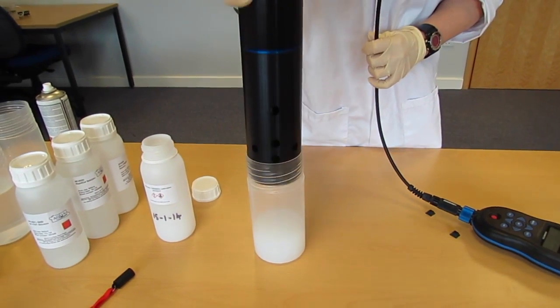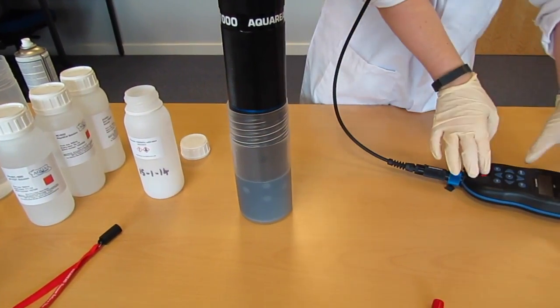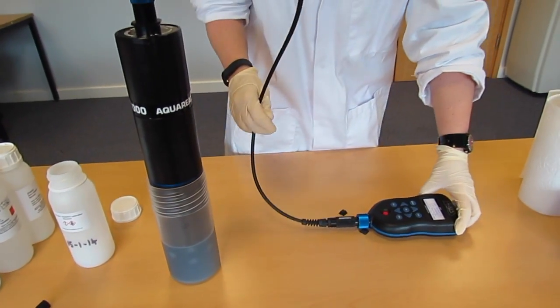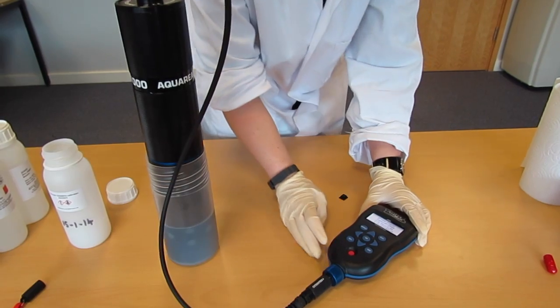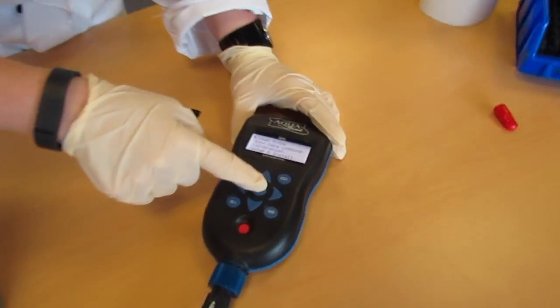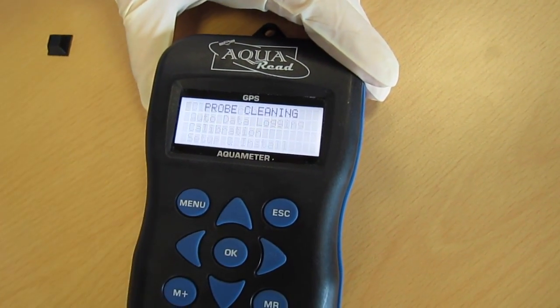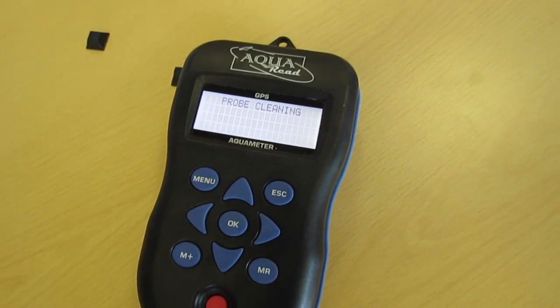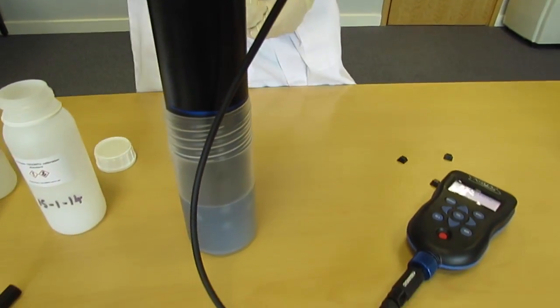Insert the probe into the solution. Turn the meter on and go to the clean probe setting on your meter. Press OK and allow the probe to clean to dislodge any air bubbles on the TURB electrode before calibrating.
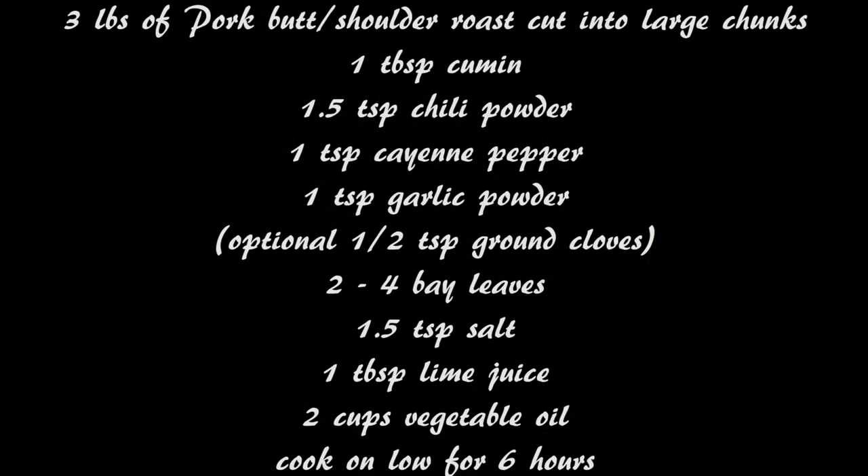The first thing you're gonna do is grab your pork and cut them into large chunks, then add all of your seasonings right on top of the pork and your lime juice last. We're gonna mix all of that together and then you're gonna add two cups of vegetable oil.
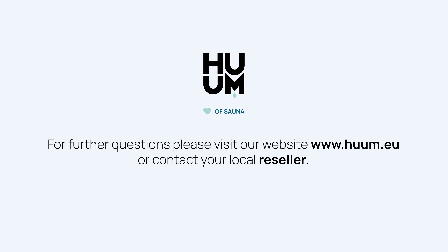For further questions, please visit our website www.koom.eu or contact our reseller.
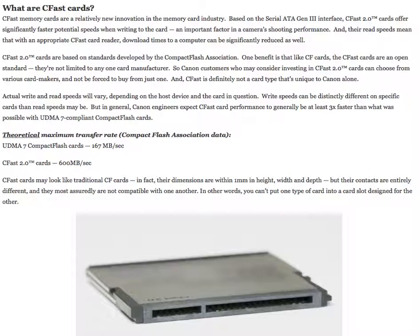CFast 2.0 cards are based on standards developed by the CompactFlash Association. One benefit is that, like CF cards, the CFast cards are an open standard. They're not limited to any one card manufacturer, so Canon customers who may consider investing in CFast 2.0 cards can choose from various card makers and not be forced to buy from just one. CFast is definitely not a card type that's unique to Canon alone.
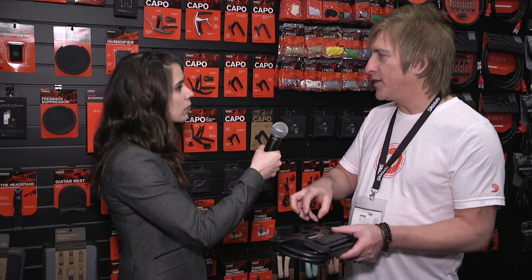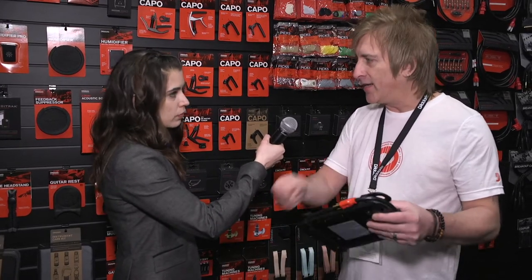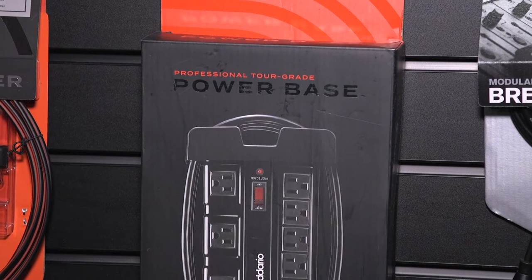Every musician uses a power strip of some type. They're usually buying it at like a Home Depot or something. They're thin, and when you start plugging too many things into them they're always falling over and they're not very stable. And then also at the end of the night they just wrap the cable around it, and when they open up their bag it exploded. So these were the things we wanted to solve.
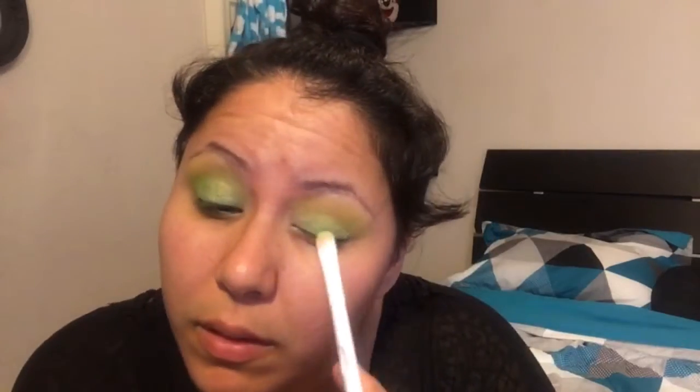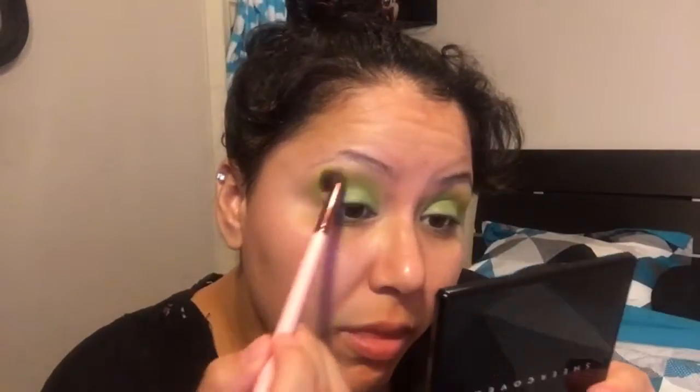I'm going to be using a metallic lime green color from the BH Cosmetics palette — it's a little bit darker than lime. I'm putting that all over my eyelid, packing it in with a Wet n' Wild brush. I'm going back and forth packing that in. I don't have one of those sprays to really make metallic colors pop, so I'm going back in with the mustard color in the crease just to avoid any harshness, then packing the metallic green again.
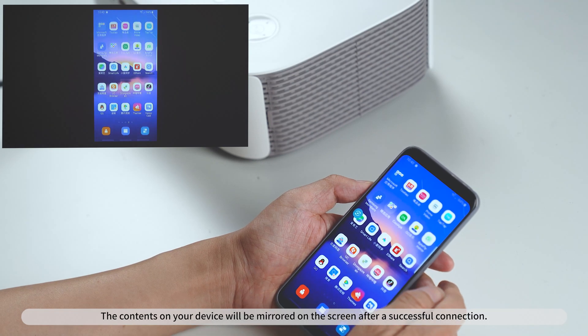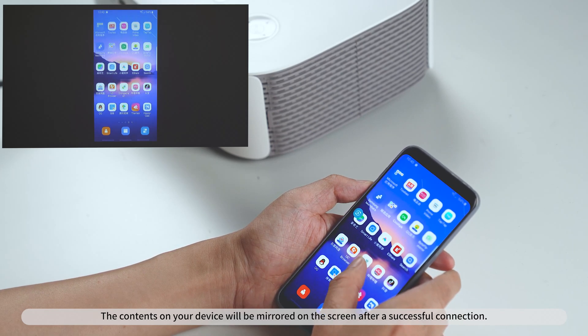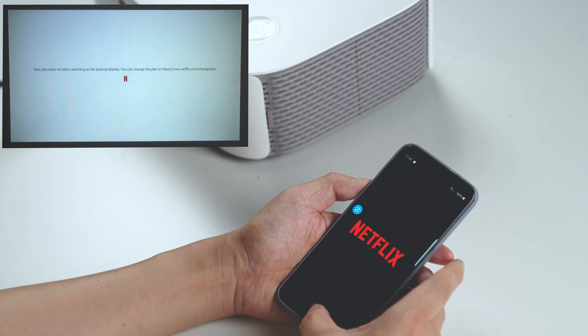The contents on your device will be mirrored on the screen after a successful connection. Video streaming services and devices are not included.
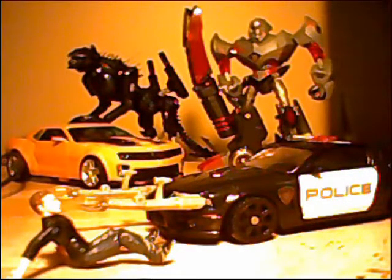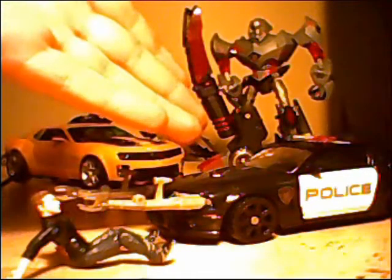Hello Transformers and Boomation fans alike. I'm your host KyleTheBoomationGuy, here to give you the video review for Transformers Revenge of the Fallen Interrogator Barricade.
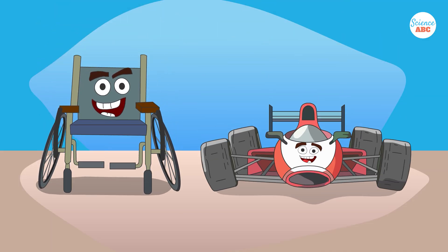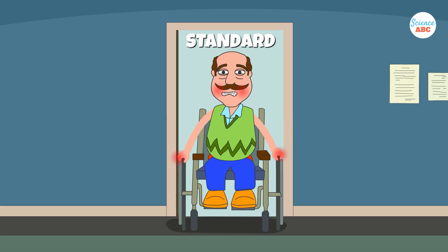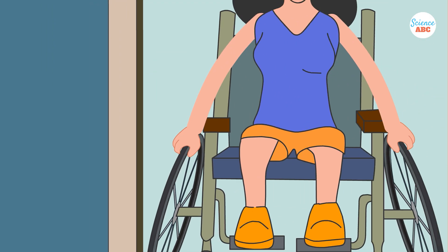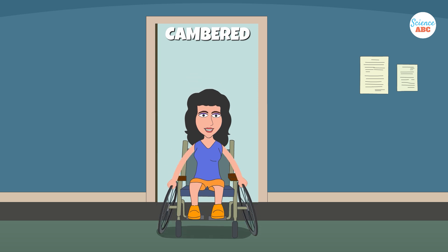There are many practical advantages of cambered wheels for all wheelchair users, not only athletes. For example, with a negative camber assembly, the top part of the wheels is closer to the user, reducing the likelihood of scraping their hands against surfaces like walls and door frames when navigating tight spaces.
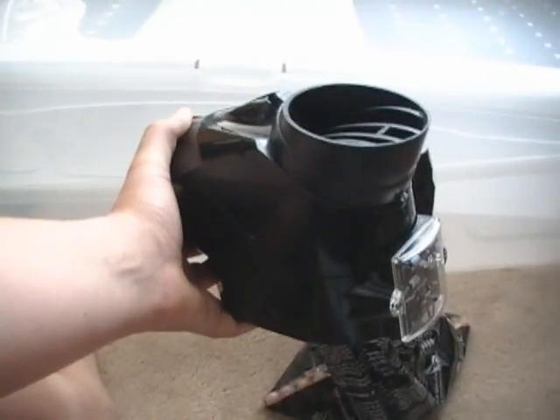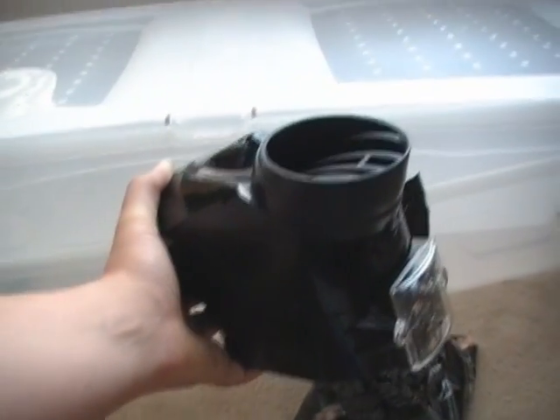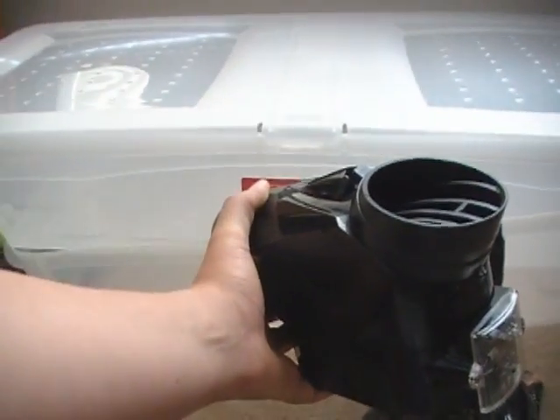This is going to be a drop test of the DXS Pulse. I'm just going to put a pot of paint through it and show it dropping into the bag. I'm going to set the camera down a second and pour the paint in.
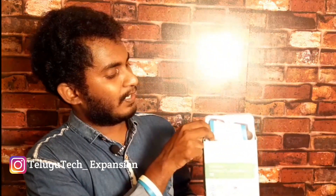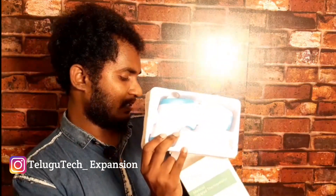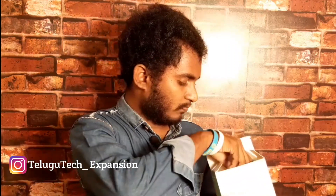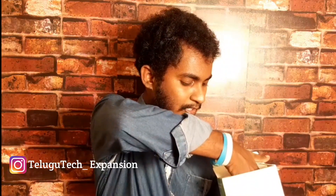I will open the product. This is a manual — it has a certificate. I will show you the device.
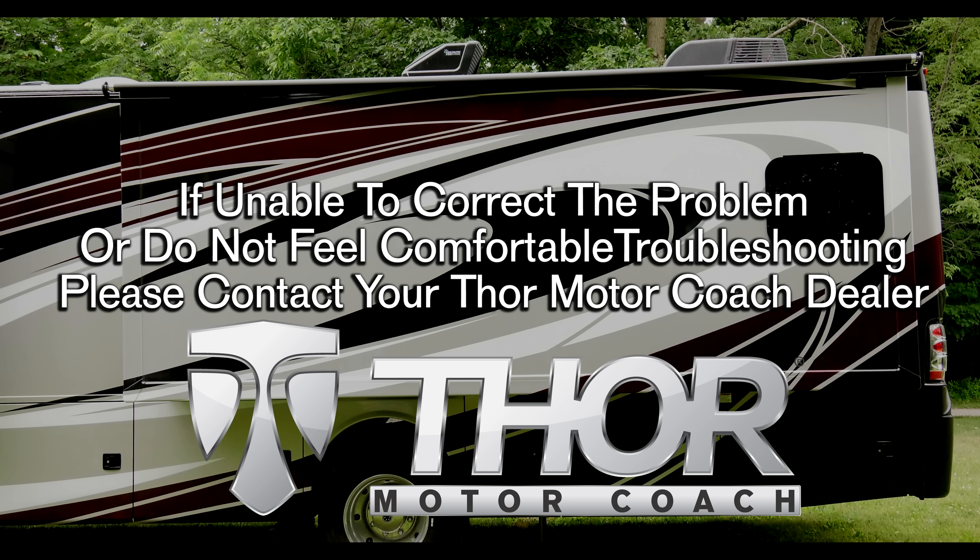If you are unable to correct the problem or you simply do not feel comfortable troubleshooting, please contact your Thor Motor Coach dealer.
------------------------
- **Task instructions**
Nothing but the lines from the top of the data above through the line containing "For further questions, please" should be output, exactly as written and without the pictures.

- **Worked solution**
Insert the probe into the solution. Turn the meter on and go to the clean probe setting on your meter. Press OK and allow the probe to clean to dislodge any air bubbles on the TURB electrode before calibrating.
The first thing you're gonna do is grab your pork and cut them into large chunks, then add all of your seasonings right on top of the pork and your lime juice last. We're gonna mix all of that together and then you're gonna add two cups of vegetable oil.
For further questions, please visit our website www.koom.eu or contact our reseller.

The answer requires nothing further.